His photography career began back in the 1990’s when he was road manager for House of Pain and Cypress Hill. “Soul Assassins since day 1”, Estevan states. However since that time, he has taken his career from the underground of L.A. hip hop street culture to the mainstream of gallery art.
How did they bring street art culture to gallery art culture?

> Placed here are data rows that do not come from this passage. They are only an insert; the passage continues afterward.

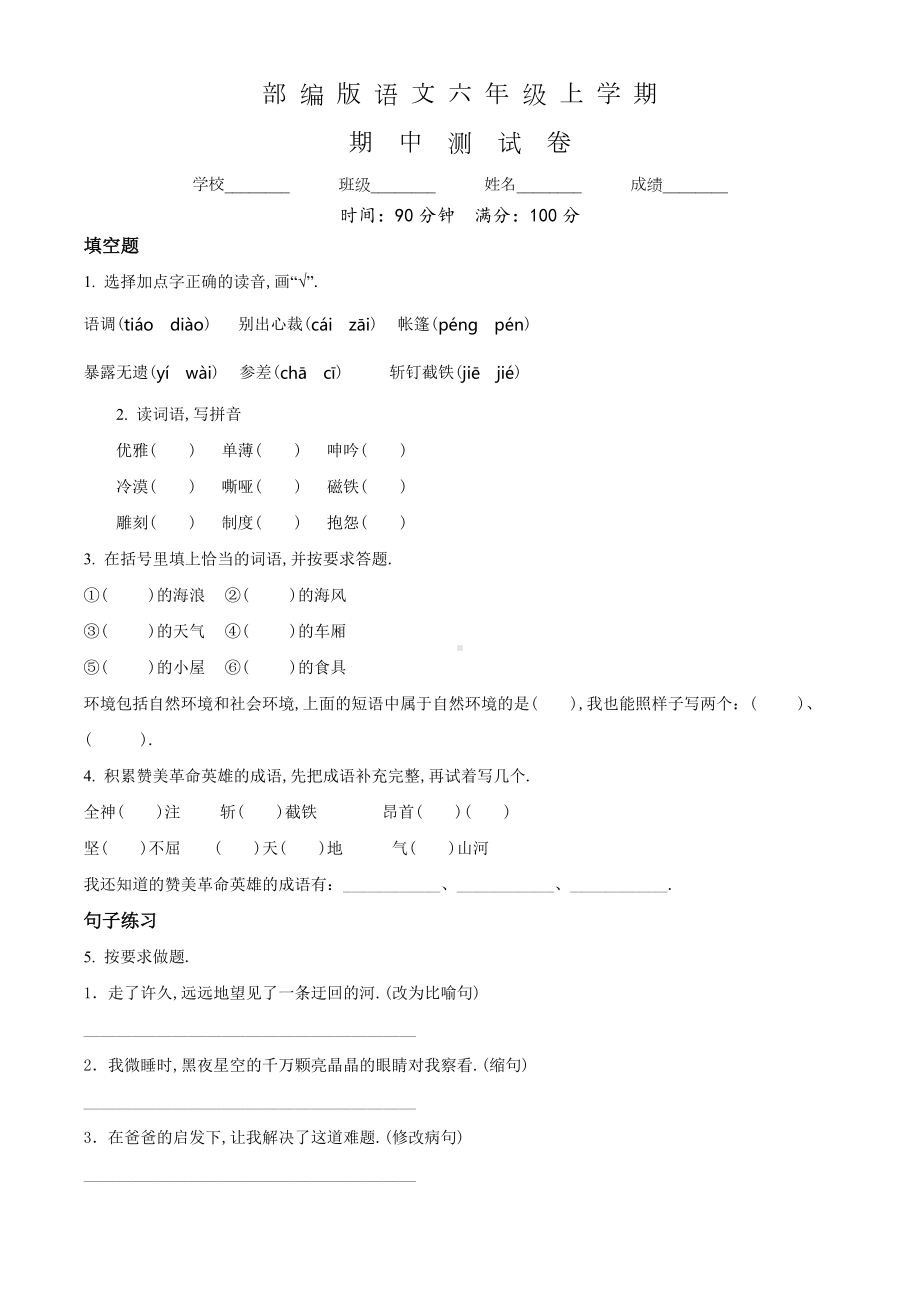 （部编版）语文六年级上学期《期中测试卷》含答案解析.doc_第1页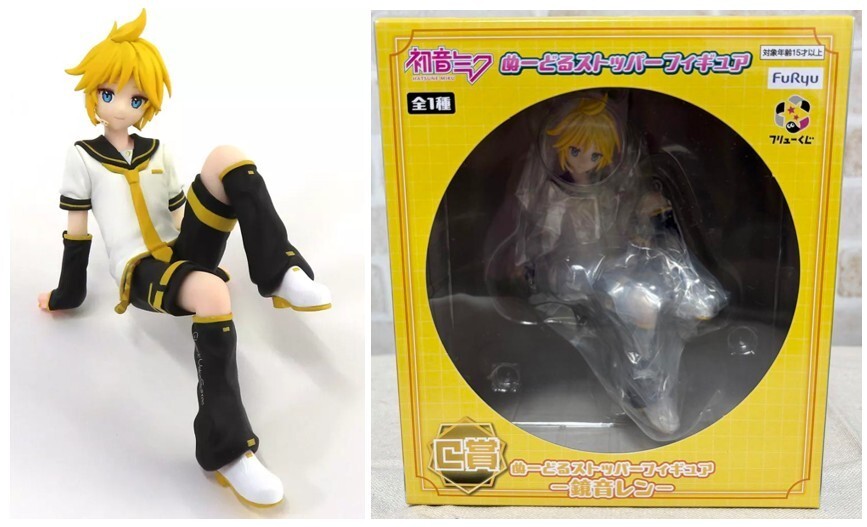 FuRyu kuji Hatsune Miku Kagamine Len Noodle Stopper Figure Prize C from Japan FuRyu kuji Hatsune Miku Kagamine Len Noodle Stopper Figure Prize C from Japan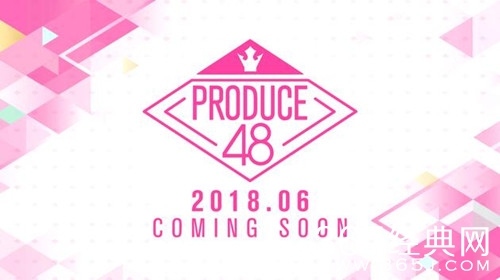 韩版Pruduce48首播时间 每周几几点更新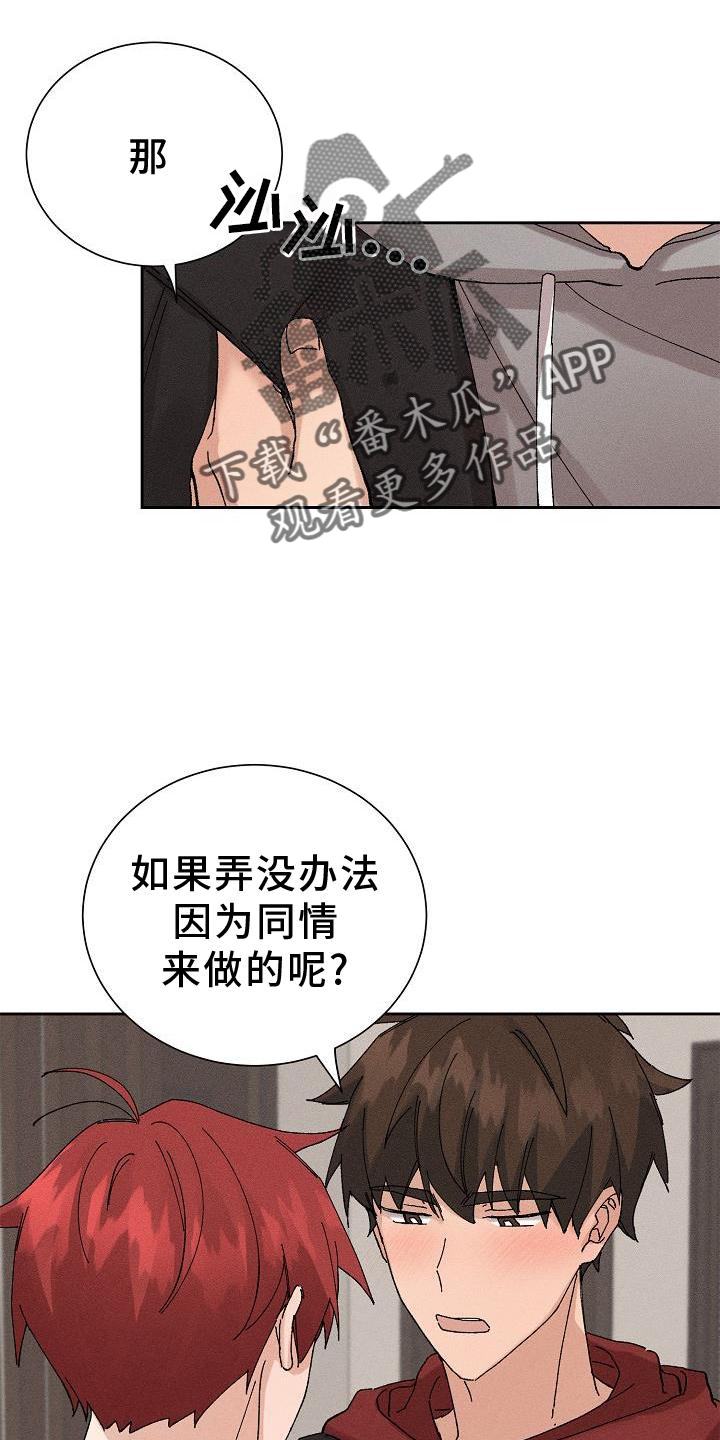 《别样的安慰》第23章开心 第1页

Estevan Oriol: Our first art show was in Tokyo in 1997. In a gallery in a place called Harajuku. Our second one was in L.A. at a place called George’s gallery that was owned by the Beastie Boys in East Hollywood. So, we had been doing it for about five years, I’d say. Cartoon had been drawing for a long time, but we’d been in the industry for about five years before we did our first art show. Back then, people weren’t doing that — People who were doing street art like Cartoon weren’t really going for gallery shows. They didn’t really give a fuck about that, you know? They’re like street art is about the street. It wasn’t about going into an art gallery — and the same with people like me; like the type of photos I was doing.
Nobody gave a fuck about them in an art gallery. They’re like, “For what? What do you want? An art show? For what?” You know we’re like, well — to show people our thing. We want to do cool shit too, like all the bougie people. Have art shows, and have some wine and cheese and crackers. Go talk about how everything is so great. At first people were like “HA! You ain’t on that level yet, get the fuck out of here!” When we went to Japan, then we played that card.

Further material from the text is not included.